* Prompt
Return all the lines below exactly. Any picture among them is omitted.

[Collected data]
--
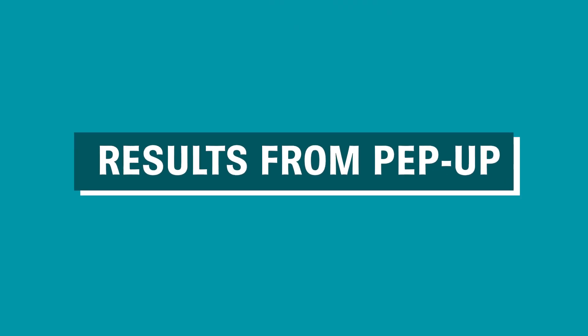Let's talk results. PepUp Collagen Boost was tested in one of the largest multi-center skincare studies conducted in the United States, across 29 study centers and with 158 patients.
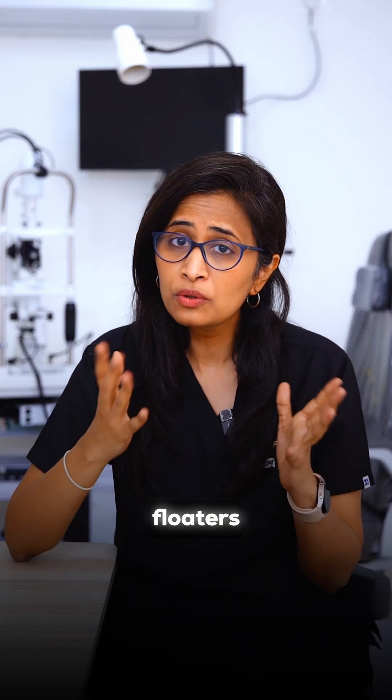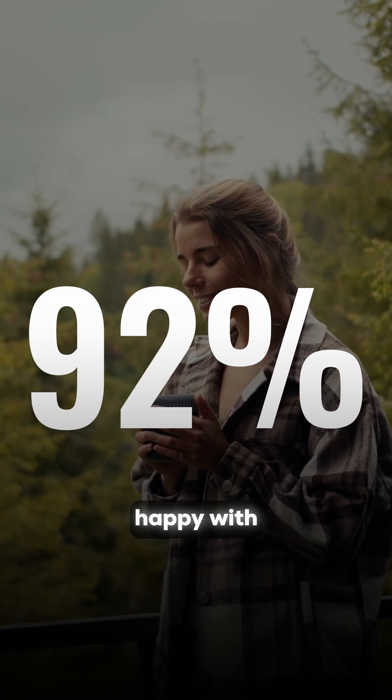70% of the patients described that their floaters disappeared, and 92% were extremely happy with the results.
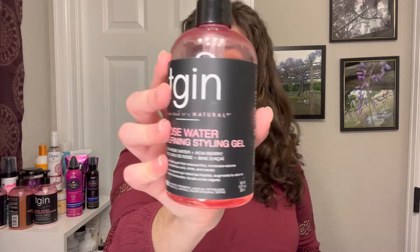The TGIN Rosewater Smoothing Leave-In Conditioner ranges anywhere between fourteen and sixteen dollars; it is silicone-free with no protein and no glycerin. It's very moisturizing and actually pretty lightweight in your hair. I really like it especially when paired with the Rosewater Curl Defining Styling Gel, which also ranges between fourteen and sixteen dollars. The gel has no sulfates or silicones, a little bit of glycerin pretty far down the list with a lot of other ingredients ahead of it to counteract that, and a small amount of protein at the bottom to help give your hair a little structure.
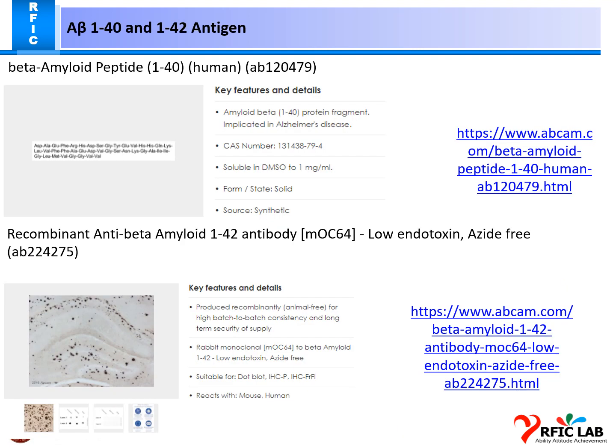Here is the new amyloid beta peptide 1-40, which is applicable for humans. This is the protein sequence, key features, and details of the amyloid beta 1-40 protein fragment implicated in Alzheimer's disease. The solution is in DMSO at 1 mg/mL, state is solid, and source is synthetic.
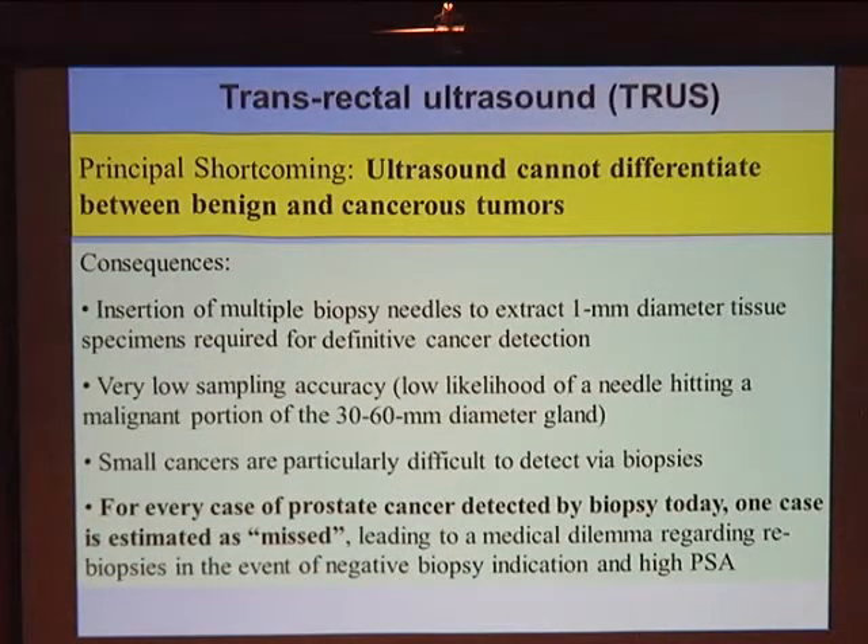The real shortcoming of ultrasound is that we can't see the difference between benign and cancerous tumors. This requires biopsy as the gold standard to confirm cancer, with needles inserted to remove tissue. Due to very low sampling accuracy, instruments take multiple extractions — anywhere from 6 to 12 — yet still have a low likelihood of hitting malignant portions, particularly for small cancers. This leads to the belief that for every prostate cancer detected, at least one is missed. It creates a medical dilemma when PSA is high but biopsy is negative — when do you go back for additional biopsy with its added cost and side effects?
--
* Exercise output
Let's talk results. PepUp Collagen Boost was tested in one of the largest multi-center skincare studies conducted in the United States, across 29 study centers and with 158 patients.
70% of the patients described that their floaters disappeared, and 92% were extremely happy with the results.
The TGIN Rosewater Smoothing Leave-In Conditioner ranges anywhere between fourteen and sixteen dollars; it is silicone-free with no protein and no glycerin. It's very moisturizing and actually pretty lightweight in your hair. I really like it especially when paired with the Rosewater Curl Defining Styling Gel, which also ranges between fourteen and sixteen dollars. The gel has no sulfates or silicones, a little bit of glycerin pretty far down the list with a lot of other ingredients ahead of it to counteract that, and a small amount of protein at the bottom to help give your hair a little structure.
Here is the new amyloid beta peptide 1-40, which is applicable for humans. This is the protein sequence, key features, and details of the amyloid beta 1-40 protein fragment implicated in Alzheimer's disease. The solution is in DMSO at 1 mg/mL, state is solid, and source is synthetic.
The real shortcoming of ultrasound is that we can't see the difference between benign and cancerous tumors. This requires biopsy as the gold standard to confirm cancer, with needles inserted to remove tissue. Due to very low sampling accuracy, instruments take multiple extractions — anywhere from 6 to 12 — yet still have a low likelihood of hitting malignant portions, particularly for small cancers. This leads to the belief that for every prostate cancer detected, at least one is missed. It creates a medical dilemma when PSA is high but biopsy is negative — when do you go back for additional biopsy with its added cost and side effects?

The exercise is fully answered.